Testicles have such strong cultural associations. They are the symbol of manliness, in its best sense: the man who toils and does not look for rest, who does all that is demanded of him and achieves his goals. If he doubts his ability to do something he is told to “grow a pair”. Does he have the balls to take on a task? Even women are asked that.
You have committed to transition, and you are taking oestrogen and a testosterone suppressant. My psychiatrist used this as a diagnostic tool: a sexual fantasist would not want to, as their libido would decrease. They would be cross-dressed without arousal, and might get bored of it. Or, the test is whether you like the way you are on this treatment. If you like it, it is right for you.
Unfortunately, some patients don’t see it that way. They have decided that transition is right for them, and they see transition as being a single process, involving set steps. You get hormone treatment, before or after changing your name and ceasing to present male. You have hair removal and possibly facial feminisation or baldness treatments. Vaginoplasty completes the process. We observe that we pass better as we have more practice, so the “real life test” shows life getting better as there is less abuse in the street, and we find presenting male more and more unpleasant.
I was willing to tolerate discomfort, in the belief that life would get better. I also felt that vaginoplasty was part of transition. Now, I want to help others in transition consider it as a matter of discrete steps. It is not just one process, one binary choice, either stay presenting male or change name and have hormones and surgery.

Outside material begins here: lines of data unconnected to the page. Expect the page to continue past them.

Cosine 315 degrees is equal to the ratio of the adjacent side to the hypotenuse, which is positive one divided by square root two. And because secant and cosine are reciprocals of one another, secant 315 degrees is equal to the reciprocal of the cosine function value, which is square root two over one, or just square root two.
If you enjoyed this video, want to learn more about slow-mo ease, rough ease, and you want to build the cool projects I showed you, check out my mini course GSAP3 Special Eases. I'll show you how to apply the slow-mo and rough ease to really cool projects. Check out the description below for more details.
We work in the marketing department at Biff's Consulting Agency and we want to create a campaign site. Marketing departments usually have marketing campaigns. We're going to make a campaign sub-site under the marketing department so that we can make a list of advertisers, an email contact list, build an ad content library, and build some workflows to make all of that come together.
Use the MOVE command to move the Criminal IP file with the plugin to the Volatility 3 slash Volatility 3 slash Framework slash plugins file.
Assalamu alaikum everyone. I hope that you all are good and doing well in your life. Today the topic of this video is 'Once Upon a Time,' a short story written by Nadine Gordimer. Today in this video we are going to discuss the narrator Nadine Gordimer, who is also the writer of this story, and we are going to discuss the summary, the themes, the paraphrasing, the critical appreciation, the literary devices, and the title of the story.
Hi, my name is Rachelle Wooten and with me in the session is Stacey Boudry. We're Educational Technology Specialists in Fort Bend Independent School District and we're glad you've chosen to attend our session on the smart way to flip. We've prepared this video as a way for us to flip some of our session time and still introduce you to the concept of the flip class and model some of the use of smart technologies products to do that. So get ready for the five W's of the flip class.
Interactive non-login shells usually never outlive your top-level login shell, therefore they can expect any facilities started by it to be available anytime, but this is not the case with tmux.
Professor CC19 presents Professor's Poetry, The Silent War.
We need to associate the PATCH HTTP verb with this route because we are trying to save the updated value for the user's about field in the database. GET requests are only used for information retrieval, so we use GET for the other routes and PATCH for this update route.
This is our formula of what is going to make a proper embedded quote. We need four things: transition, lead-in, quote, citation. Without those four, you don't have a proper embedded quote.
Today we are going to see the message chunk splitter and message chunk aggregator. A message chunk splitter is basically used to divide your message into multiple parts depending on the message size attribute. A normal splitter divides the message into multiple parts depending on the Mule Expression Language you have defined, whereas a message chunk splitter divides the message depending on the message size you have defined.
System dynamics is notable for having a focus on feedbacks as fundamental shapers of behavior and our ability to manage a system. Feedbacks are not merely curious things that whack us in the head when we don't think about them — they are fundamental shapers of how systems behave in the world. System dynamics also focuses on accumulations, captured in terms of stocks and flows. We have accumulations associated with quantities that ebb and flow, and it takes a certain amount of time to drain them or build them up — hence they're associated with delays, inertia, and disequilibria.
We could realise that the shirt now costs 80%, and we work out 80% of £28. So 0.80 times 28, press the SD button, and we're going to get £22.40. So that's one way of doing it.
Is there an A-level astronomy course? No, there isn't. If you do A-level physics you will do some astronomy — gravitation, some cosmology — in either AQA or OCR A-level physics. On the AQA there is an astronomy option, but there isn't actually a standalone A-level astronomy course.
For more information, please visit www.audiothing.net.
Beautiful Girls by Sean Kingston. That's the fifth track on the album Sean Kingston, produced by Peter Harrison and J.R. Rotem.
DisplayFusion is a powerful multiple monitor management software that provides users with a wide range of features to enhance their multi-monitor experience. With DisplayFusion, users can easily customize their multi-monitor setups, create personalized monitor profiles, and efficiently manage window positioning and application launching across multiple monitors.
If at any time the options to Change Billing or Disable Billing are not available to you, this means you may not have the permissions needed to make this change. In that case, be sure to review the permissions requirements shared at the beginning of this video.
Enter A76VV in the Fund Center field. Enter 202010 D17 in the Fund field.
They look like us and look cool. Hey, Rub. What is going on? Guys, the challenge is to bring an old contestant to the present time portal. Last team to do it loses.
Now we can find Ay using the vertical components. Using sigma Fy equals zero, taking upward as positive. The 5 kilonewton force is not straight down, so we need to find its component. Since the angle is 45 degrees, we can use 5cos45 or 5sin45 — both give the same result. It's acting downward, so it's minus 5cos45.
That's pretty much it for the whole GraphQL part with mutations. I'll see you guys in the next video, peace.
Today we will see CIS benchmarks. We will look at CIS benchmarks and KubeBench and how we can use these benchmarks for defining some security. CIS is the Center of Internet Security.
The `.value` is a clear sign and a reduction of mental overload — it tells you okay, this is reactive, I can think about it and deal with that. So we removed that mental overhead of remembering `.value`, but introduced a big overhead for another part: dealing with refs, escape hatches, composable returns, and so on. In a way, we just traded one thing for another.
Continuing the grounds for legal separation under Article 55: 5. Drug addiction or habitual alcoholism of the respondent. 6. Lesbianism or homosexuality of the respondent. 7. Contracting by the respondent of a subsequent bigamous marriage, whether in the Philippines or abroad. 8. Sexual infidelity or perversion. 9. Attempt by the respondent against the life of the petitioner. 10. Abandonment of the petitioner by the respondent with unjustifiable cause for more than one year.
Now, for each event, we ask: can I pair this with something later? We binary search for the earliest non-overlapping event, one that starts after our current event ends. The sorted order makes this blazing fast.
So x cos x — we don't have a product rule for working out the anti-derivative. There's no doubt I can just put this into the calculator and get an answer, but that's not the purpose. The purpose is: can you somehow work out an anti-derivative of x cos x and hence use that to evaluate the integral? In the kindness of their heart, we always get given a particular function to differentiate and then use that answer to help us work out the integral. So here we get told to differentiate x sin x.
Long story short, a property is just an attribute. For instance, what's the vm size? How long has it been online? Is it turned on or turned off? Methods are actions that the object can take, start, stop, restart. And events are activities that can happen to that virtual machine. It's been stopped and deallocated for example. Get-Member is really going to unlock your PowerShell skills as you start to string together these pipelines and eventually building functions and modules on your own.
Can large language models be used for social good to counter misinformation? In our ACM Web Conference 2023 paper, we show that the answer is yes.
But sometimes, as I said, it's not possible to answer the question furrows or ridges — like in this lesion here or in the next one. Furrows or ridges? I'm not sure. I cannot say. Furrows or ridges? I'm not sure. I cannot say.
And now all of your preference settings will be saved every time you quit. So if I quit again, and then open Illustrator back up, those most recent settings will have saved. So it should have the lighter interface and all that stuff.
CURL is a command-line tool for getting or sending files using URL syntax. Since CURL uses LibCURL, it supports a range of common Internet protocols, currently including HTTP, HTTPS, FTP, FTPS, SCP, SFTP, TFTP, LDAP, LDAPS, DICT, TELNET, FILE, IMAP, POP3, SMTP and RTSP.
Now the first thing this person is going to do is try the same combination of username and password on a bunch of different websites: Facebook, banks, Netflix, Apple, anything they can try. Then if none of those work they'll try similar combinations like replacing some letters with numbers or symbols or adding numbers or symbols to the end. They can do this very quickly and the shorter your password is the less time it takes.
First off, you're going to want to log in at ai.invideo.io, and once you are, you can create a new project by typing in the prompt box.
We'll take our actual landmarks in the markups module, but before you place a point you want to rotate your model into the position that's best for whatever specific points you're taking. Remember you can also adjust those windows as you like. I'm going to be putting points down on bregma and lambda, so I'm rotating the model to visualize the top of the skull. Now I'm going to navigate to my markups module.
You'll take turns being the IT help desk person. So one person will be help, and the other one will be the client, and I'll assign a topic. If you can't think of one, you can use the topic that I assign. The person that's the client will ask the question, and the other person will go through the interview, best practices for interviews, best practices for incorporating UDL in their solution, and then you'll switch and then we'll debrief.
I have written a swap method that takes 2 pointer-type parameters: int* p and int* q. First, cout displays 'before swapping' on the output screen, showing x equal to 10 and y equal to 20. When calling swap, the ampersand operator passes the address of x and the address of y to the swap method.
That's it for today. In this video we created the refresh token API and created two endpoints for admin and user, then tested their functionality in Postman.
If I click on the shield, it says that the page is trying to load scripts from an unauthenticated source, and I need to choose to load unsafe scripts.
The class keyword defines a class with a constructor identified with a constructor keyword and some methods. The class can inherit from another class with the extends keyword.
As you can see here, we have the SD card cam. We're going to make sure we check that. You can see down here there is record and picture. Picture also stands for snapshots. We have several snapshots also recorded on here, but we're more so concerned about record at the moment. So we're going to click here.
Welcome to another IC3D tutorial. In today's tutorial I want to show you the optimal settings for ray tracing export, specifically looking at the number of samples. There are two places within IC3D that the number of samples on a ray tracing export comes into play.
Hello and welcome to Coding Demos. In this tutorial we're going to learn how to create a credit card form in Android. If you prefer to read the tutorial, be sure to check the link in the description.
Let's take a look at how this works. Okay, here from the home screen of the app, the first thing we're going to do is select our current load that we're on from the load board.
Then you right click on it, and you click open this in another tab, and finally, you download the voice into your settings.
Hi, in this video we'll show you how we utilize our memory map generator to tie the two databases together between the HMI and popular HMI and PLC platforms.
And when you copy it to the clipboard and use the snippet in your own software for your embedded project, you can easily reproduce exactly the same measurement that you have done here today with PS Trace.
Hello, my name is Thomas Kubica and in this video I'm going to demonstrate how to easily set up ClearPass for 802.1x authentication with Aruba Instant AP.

It is, what is right for you? One person I knew felt she had to stay presenting male for her career, but had GRS.
I also want it to stop being a question of identity. “I am a trans woman. Trans women need surgery.” I am a human being. Human beings pursue a variety of paths.
The alternatives- transition as one process, involving change of name and presentation, hormones and surgery, where you go through the process tolerating the discomfort believing life will get better, or give up completely and revert; and transition as a number of choices,
Transition is often seen as one process involving surgery: there are reports of people feeling elation after surgery, because the process is completed, only to suffer depression up to a year later, because their lives have not improved.
So one of the choices is whether to have an orchiectomy. This is far less invasive surgery than vaginoplasty. It means you stop needing testosterone suppressants. And, though taking oestrogen with testosterone suppressants will reduce your sexual desire, fertility, and ability to sustain an erection, doctors assert that while fertility changes may be irreversible, changes to erectile function and libido may be reversible. Orchiectomy drastically reduces your natural production of testosterone, and is irreversible.
Cordelia Fine asserts that these characteristics of pluck and determination are seen as Manly not because of the effects of testosterone, but because of Patriarchy. It takes balls to have an orchiectomy- it is a sign of courage and commitment.
What I want, for people considering transition or surgery, is to reduce their symbolic power. As a symbol, testicles are a sign of Manliness. But as Germaine Greer said, “I don’t believe a woman is a man without a cock”. Oestrogen and testosterone suppressant will help you pass better. Orchiectomy will help you pass better. But it won’t make you less of a man, more of a woman, or even less of a weirdo. You can’t escape being a weirdo, I am afraid: that you are considering surgery makes you very unusual indeed. But being a weirdo is not a bad thing.
Why would you want the effects to be irreversible? That’s a symbol, again, of your determination and commitment, and certainty that you have chosen the right path. Symbols are expensive. You have a right to be you without bearing so much cost.